TASK: Copy the listing exactly as given. Omit every picture.

GIVEN ENTRIES:
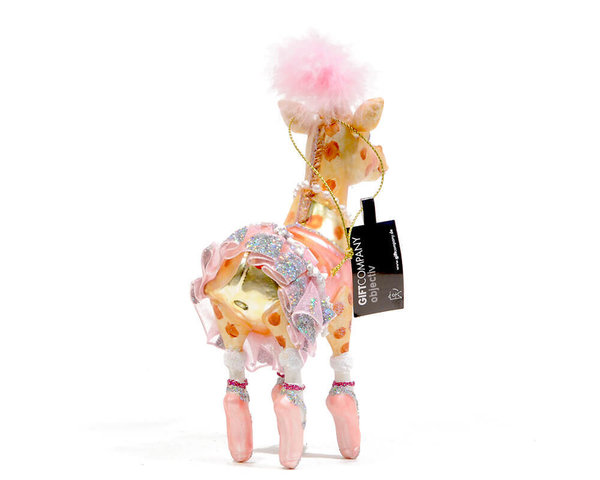 "Giraffen Ballerina" Christbaum-Hänger GIFT COMPANY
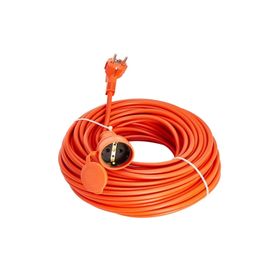 Bylion Turuncu 3x1.5 mm 20 mt Seyyar Uzatma Kablo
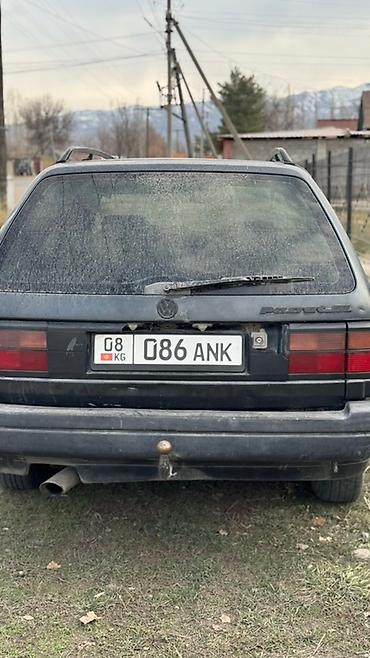 легаси б4 универсал: Volkswagen Passat: 1992 г., 2 л, Механика, Бензин — 4
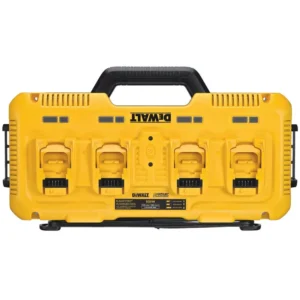 DEWALT 12-Volt/20-Volt/60-Volt MAX 4-Port Lithium-Ion Battery Charger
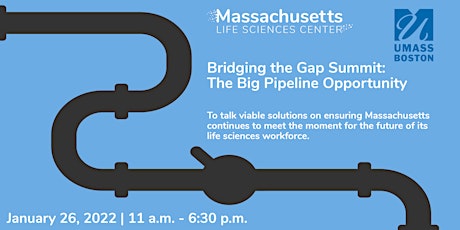 Bridging the Gap Summit: The Big Pipeline Opportunity primary image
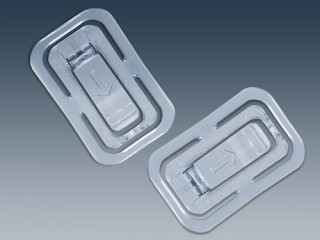 Клипоны для фиксации защитных щитков к очкам (4 шт.) Кристидент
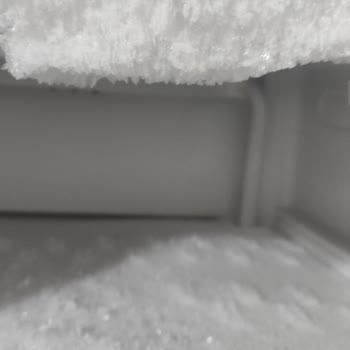 Arçelik Derin Dondurucu Raflarının Parçalanması Ve Aşırı Buzlanma Sorunu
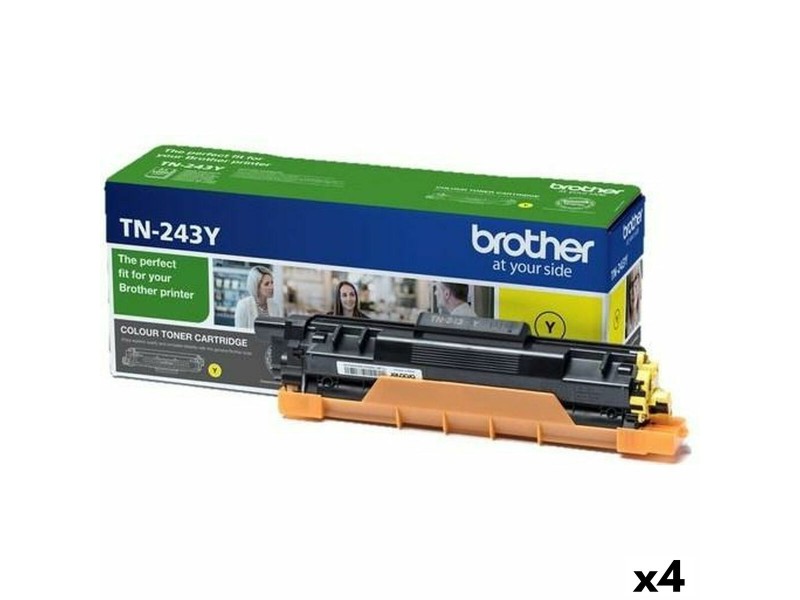 Oригинален тонер Brother HLL3210CW Жълт (4 броя) NaN –  BB Тонер касети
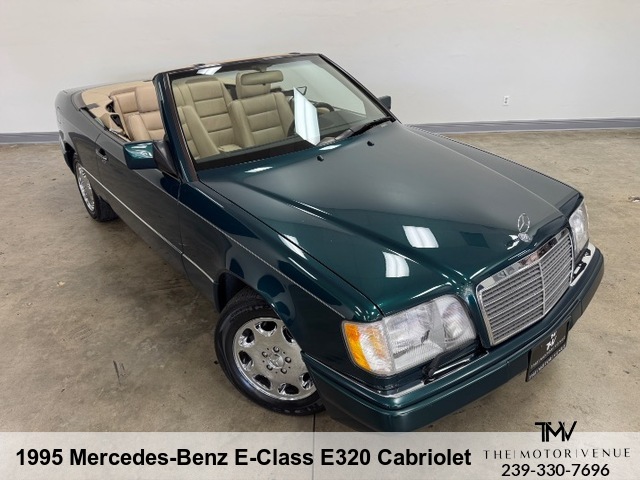 1995 Mercedes-Benz E-Class E320 Cabriolet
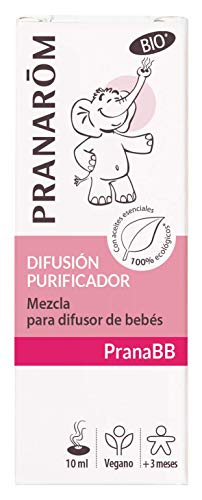 Pranarom Pranabb - Purificador - Mezcla Para Difusor, Difusión, 10 Mililitro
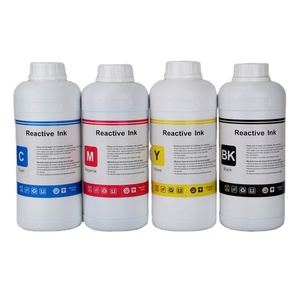 爱普生I3200 Dx5 4720 Xp600 Tx800打印机水基直接织物纺织棉印花数码染料活性油墨 - Product Image 1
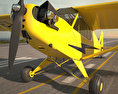 Piper J-3 Cub 3D модель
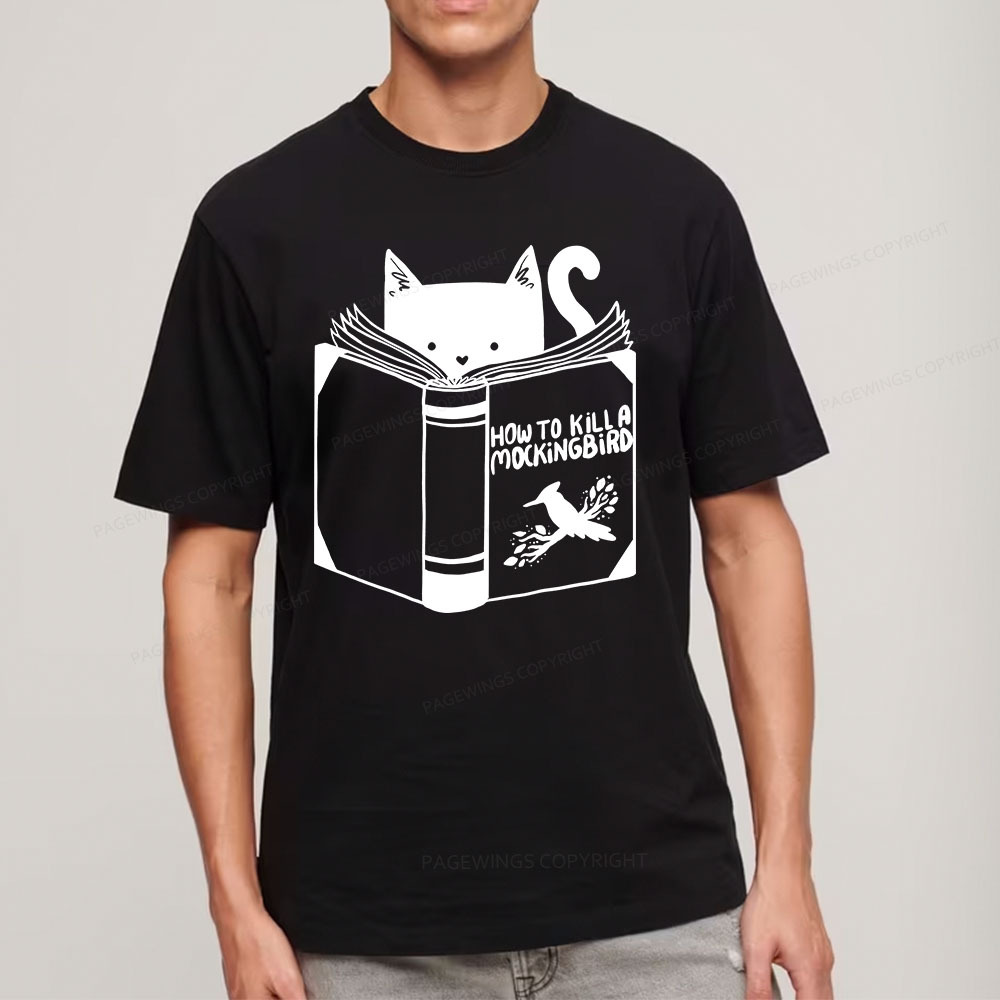Pagewings How to Kill a Mockingbird Unisex Classic T-shirt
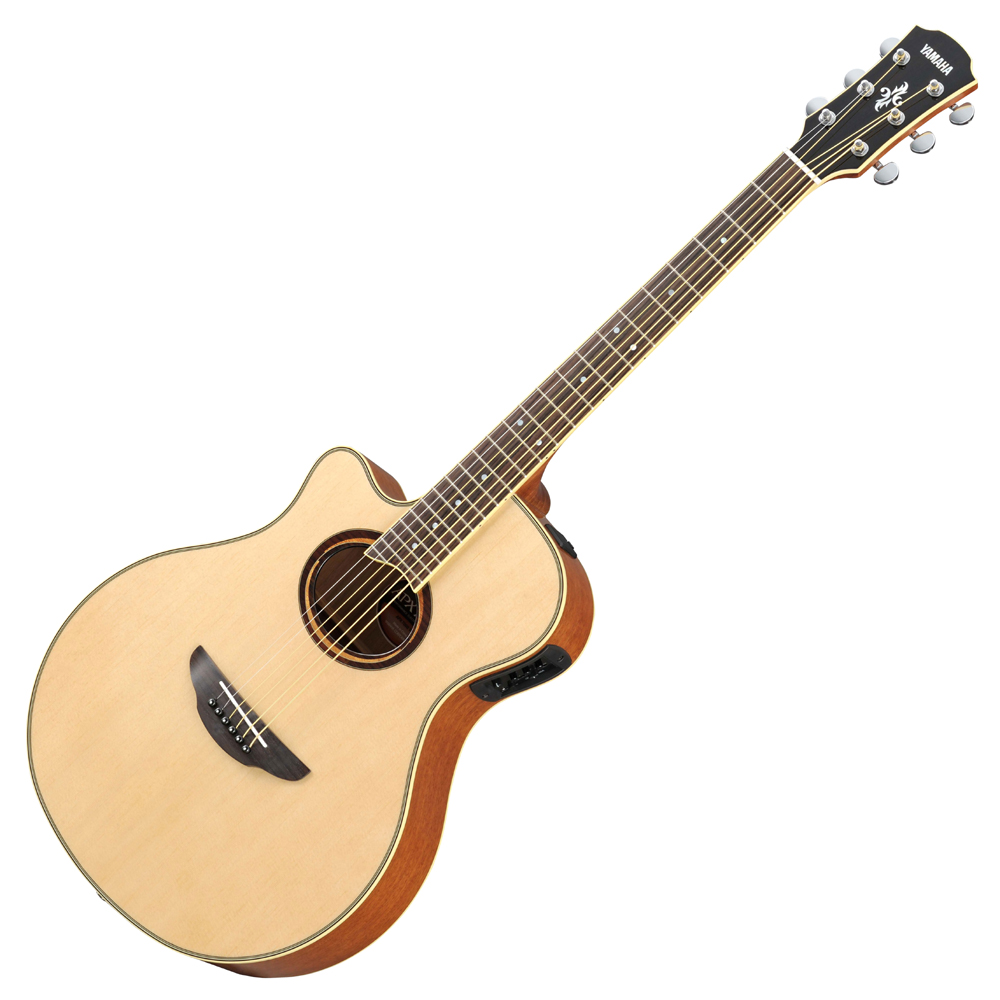 Yamaha Apx700iil Lh - Natural - Guitare Electro Acoustique - Variation 2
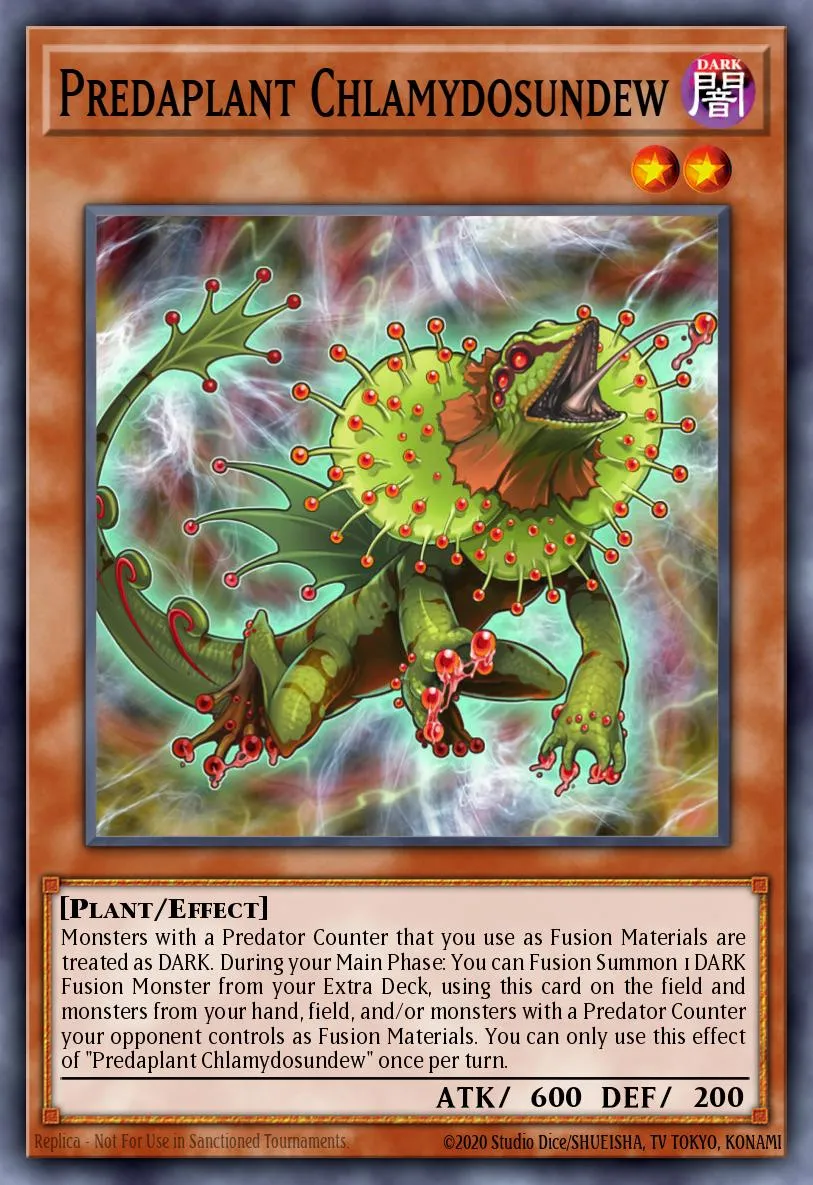 Predaplant Chlamydosundew · Fusion Enforcers 89181134/60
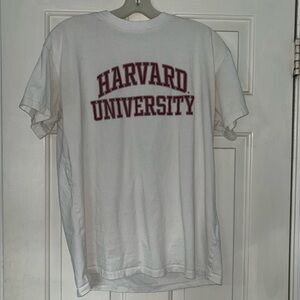 Harvard university relaxed boyfriend tee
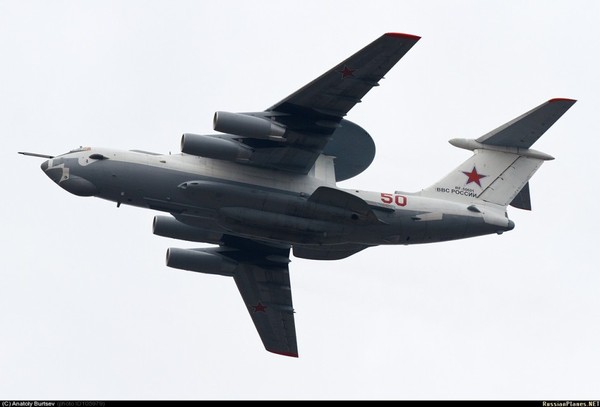 Tổng cộng có 32 cảnh báo sớm đa chức năng A-50 được sản xuất, trong đó Không quân Nga sở hữu 25 chiếc. Hiện tại, 19 chiếc A-50 đang hoạt động trong các đơn vị của Không quân Nga, 5 chiếc đang được lưu trong kho và 1 chiếc bị rơi.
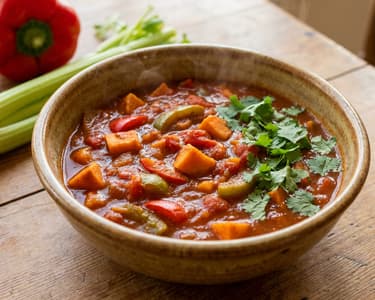 Chilli con verduras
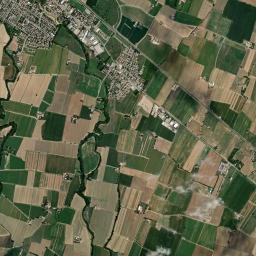 Roveleto High Resolution Satellite Map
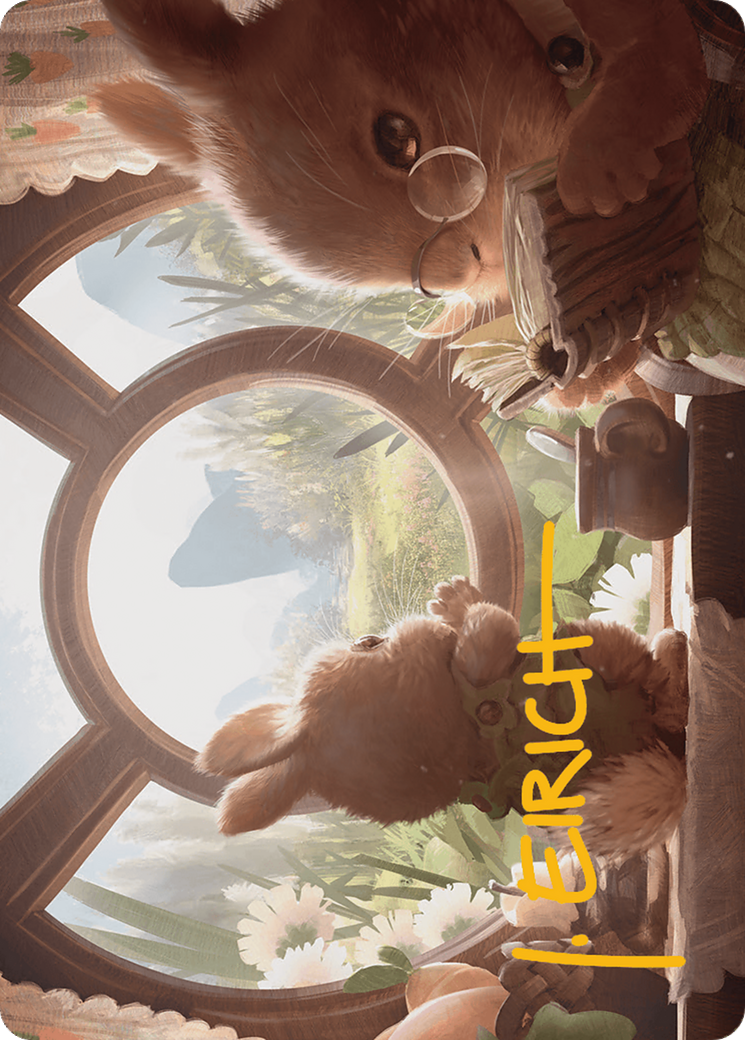Farseek Art Card (Gold-Stamped Signature) [Bloomburrow Art Series] | Gate City Games LLC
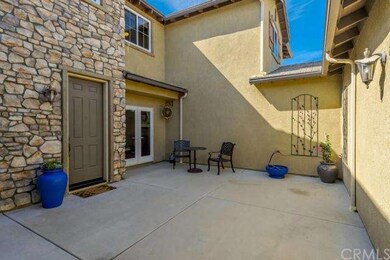 Beautiful Stone Facade of Front Courtyard Entrance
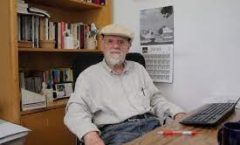 Jorge Alonso Sánchez, profesor del Ciesas, del S.N.I., su línea es la antropología jurídica y los estudios políticos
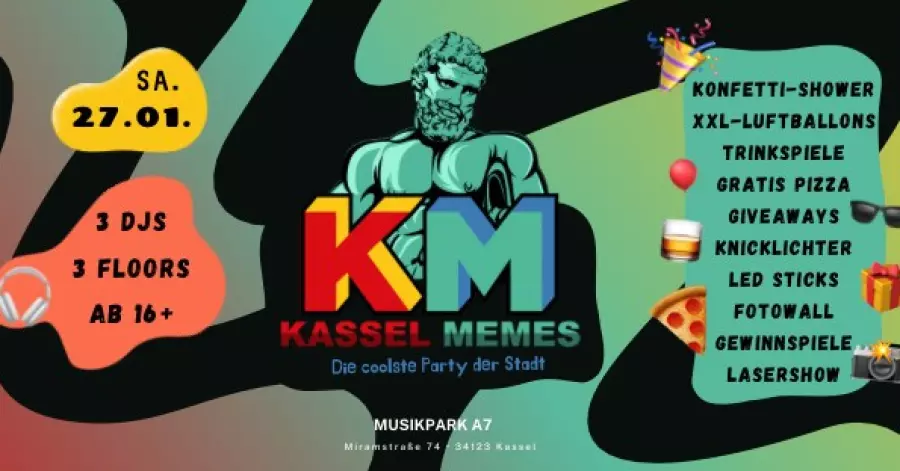 Kassel Memes Clubfestival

RESPONSE TO THIS EXERCISE:
 "Giraffen Ballerina" Christbaum-Hänger GIFT COMPANY
 Bylion Turuncu 3x1.5 mm 20 mt Seyyar Uzatma Kablo
 легаси б4 универсал: Volkswagen Passat: 1992 г., 2 л, Механика, Бензин — 4
 DEWALT 12-Volt/20-Volt/60-Volt MAX 4-Port Lithium-Ion Battery Charger
 Bridging the Gap Summit: The Big Pipeline Opportunity primary image
 Клипоны для фиксации защитных щитков к очкам (4 шт.) Кристидент
 Arçelik Derin Dondurucu Raflarının Parçalanması Ve Aşırı Buzlanma Sorunu
 Oригинален тонер Brother HLL3210CW Жълт (4 броя) NaN –  BB Тонер касети
 1995 Mercedes-Benz E-Class E320 Cabriolet
 Pranarom Pranabb - Purificador - Mezcla Para Difusor, Difusión, 10 Mililitro
 爱普生I3200 Dx5 4720 Xp600 Tx800打印机水基直接织物纺织棉印花数码染料活性油墨 - Product Image 1
 Piper J-3 Cub 3D модель
Pagewings How to Kill a Mockingbird Unisex Classic T-shirt
 Yamaha Apx700iil Lh - Natural - Guitare Electro Acoustique - Variation 2
 Predaplant Chlamydosundew · Fusion Enforcers 89181134/60
 Harvard university relaxed boyfriend tee
 Tổng cộng có 32 cảnh báo sớm đa chức năng A-50 được sản xuất, trong đó Không quân Nga sở hữu 25 chiếc. Hiện tại, 19 chiếc A-50 đang hoạt động trong các đơn vị của Không quân Nga, 5 chiếc đang được lưu trong kho và 1 chiếc bị rơi.
 Chilli con verduras
 Roveleto High Resolution Satellite Map
Farseek Art Card (Gold-Stamped Signature) [Bloomburrow Art Series] | Gate City Games LLC
 Beautiful Stone Facade of Front Courtyard Entrance
 Jorge Alonso Sánchez, profesor del Ciesas, del S.N.I., su línea es la antropología jurídica y los estudios políticos
 Kassel Memes Clubfestival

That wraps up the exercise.